Exercise instructions - The answer consists of the lines from the line holding "Building Photo - 177 NE 50th St" through the last line of the entries, retyped exactly, and nothing else. No pictures belong in it.

━━ Records ━━

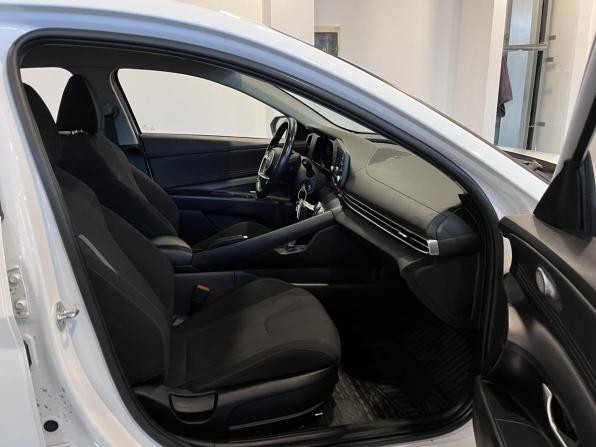 Hyundai Elantra VII (CN7) с пробегом 2022 года, цена 2 020 000 рублей, 107355 км, седан, Автокод Объявления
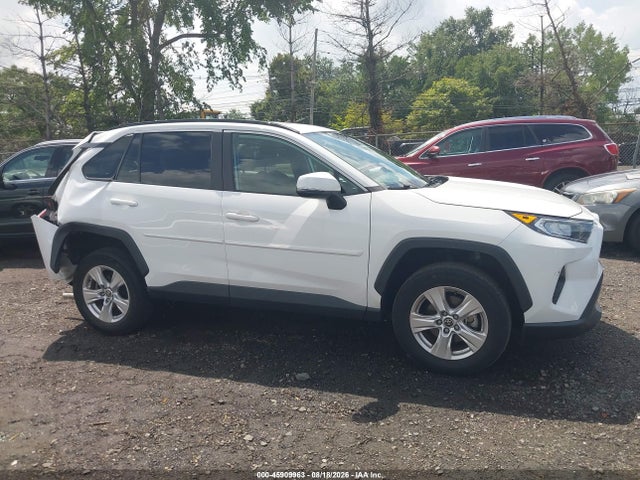 2021 Toyota Rav4 Xle მანქანა იყიდება აუქციონზე, vin: 2T3P1RFVXMW243061, აუქციონის ნომერი: 45909963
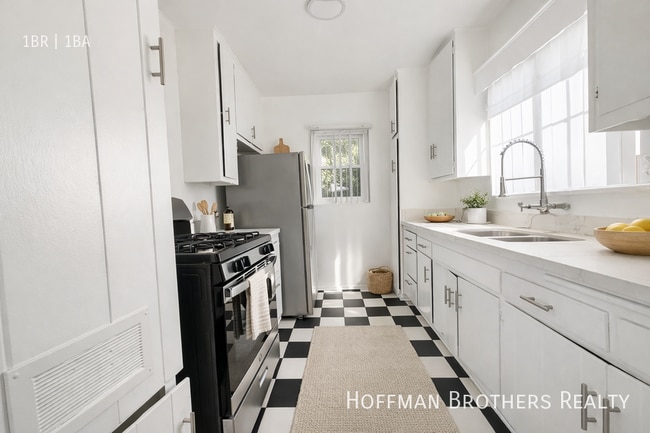 Building Photo - 5318 Radford Ave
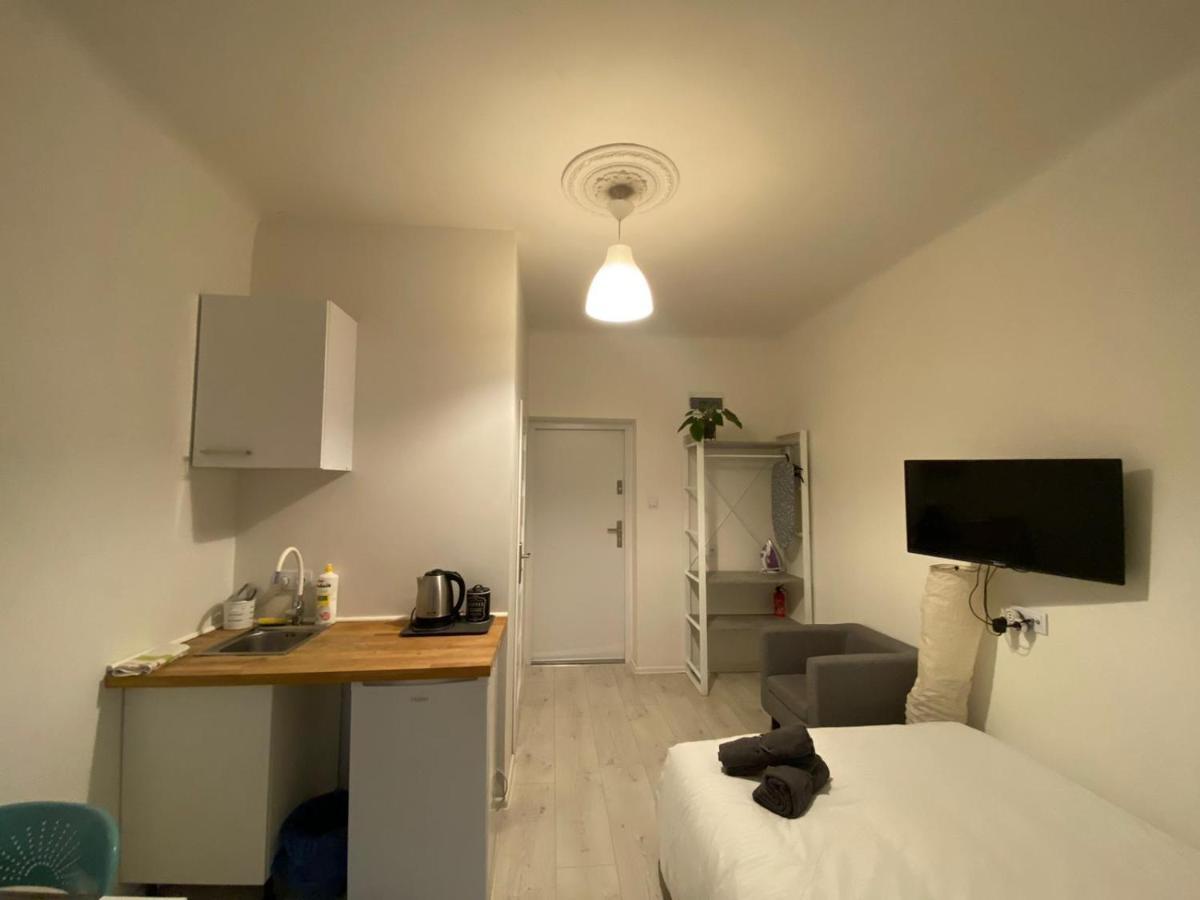 Chopin Apartments Self Check-In Warsawa Bagian luar foto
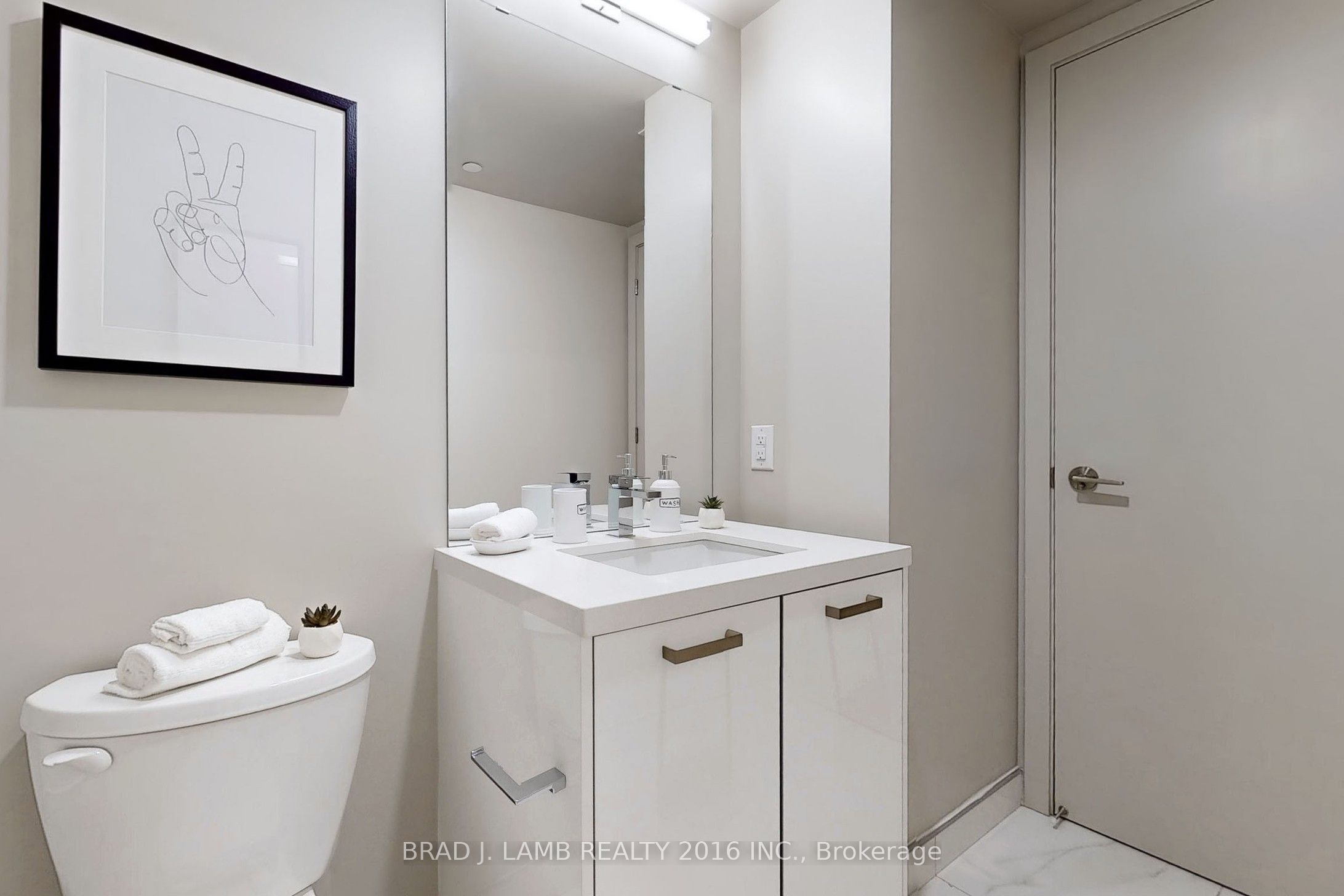 #202 - 458 Richmond Street Property Photo 15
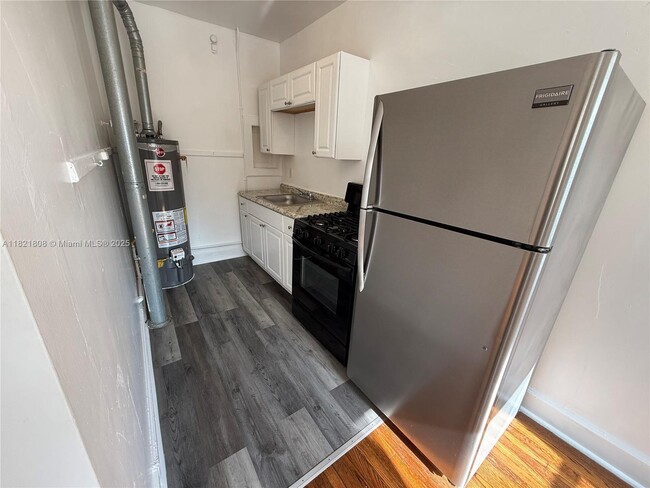 Building Photo - 177 NE 50th St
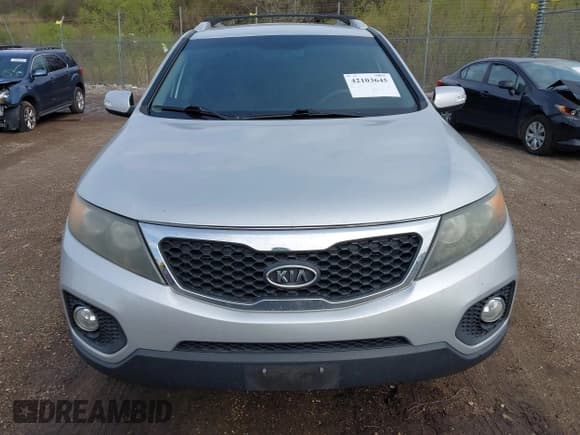 ✅ 2012 Kia Sorento LX • VIN: 5XYKT4A61CG215217 • Лот: 42103645. Опубликован ранее на IAAI с пробегом 200 758 миль. Бесплатный доступ к архиву аукционных продаж из США и подробный отчёт об истории автомобиля на DreamBid. Изображение 6.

━━━

Worked solution -
 Building Photo - 177 NE 50th St
 ✅ 2012 Kia Sorento LX • VIN: 5XYKT4A61CG215217 • Лот: 42103645. Опубликован ранее на IAAI с пробегом 200 758 миль. Бесплатный доступ к архиву аукционных продаж из США и подробный отчёт об истории автомобиля на DreamBid. Изображение 6.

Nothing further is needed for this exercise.